Purpose: Literature data indicates that in diabetes retinal dysfunctions related to neural retinal alterations exist prior to clinically detectable vasculopathy, however, the histological background behind these functional deficits is largely unknown. Previously, a detailed description about the histology of the outer and inner retina was given in streptozocin (STZ) induced (type 1) diabetic rats, where neural retinal degeneration preceded apoptotic loss of cells. Here, we investigated the histopathology of the retina in early diabetes using Zucker Diabetic Fatty (ZDF) rats, a well-know model of type 2 diabetes.

Methods: The morphology, density and staining characteristics of the labeled cells were analyzed by immunohistochemistry after six months of diabetes, using cell-type specific antibodies.

Results: Glial reactivity was observed in all diabetic retinal specimens, manifested by strong GFAP upregulation. Marked outer segment degeneration was detected in rods and in the majority of M/L-cones, without an apparent decrease in the number of stained elements and without any major change in the expression of other photoreceptor specific markers like arrestin and transducin. An increase in the number of dual cones, coexpressing two photopigments was also visible. The immunoreactivity of parvalbumin (staining mostly AII amacrine cells) was markedly decreased and we detected a change in the number of PKC-α labeled amacrine and displaced amacrine cells. In contrast to these, most other markers used (including calretinin, recoverin, tyrosin hydroxylase, anti-Brn-3a, NeuN and calbindin) did not show any major alterations in the intensity of immunoreactivity or in the number of stained elements.

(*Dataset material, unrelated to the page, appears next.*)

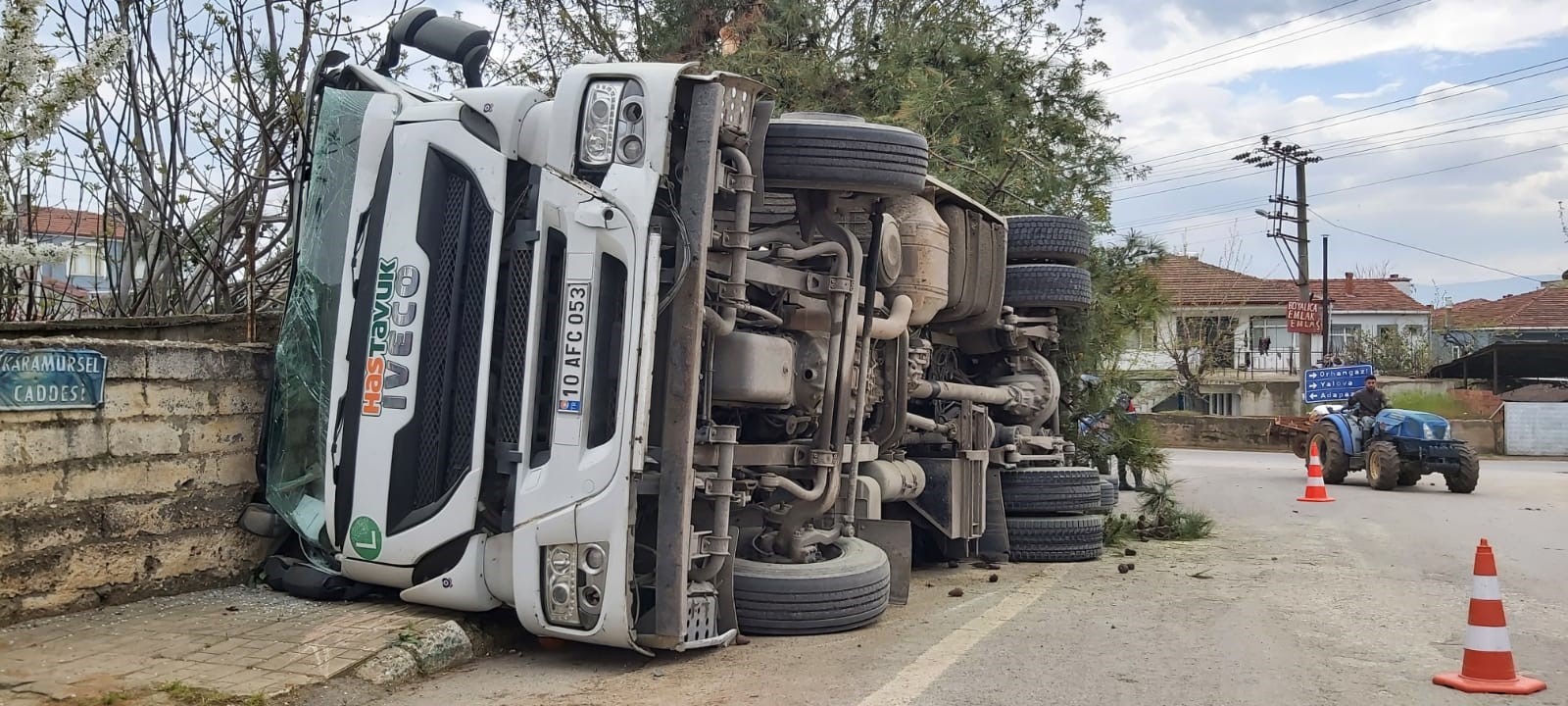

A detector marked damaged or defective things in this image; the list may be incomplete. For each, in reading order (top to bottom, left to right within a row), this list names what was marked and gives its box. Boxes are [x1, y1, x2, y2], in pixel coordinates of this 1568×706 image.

overturned white truck [251, 8, 1098, 652]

Conclusions: Overall, the retina of ZDF rats shows a surprising similarity to STZ induced type 1 diabetic rats, indicating that most of the changes are consequences of the high glucose levels while the lack of insulin does not play a decisive role in the development of histological alterations. The presence of early retinal degeneration raises the possibility that neuroprotective therapy in diabetic patients should be beneficial even prior to vasculopathy or overt loss of cells.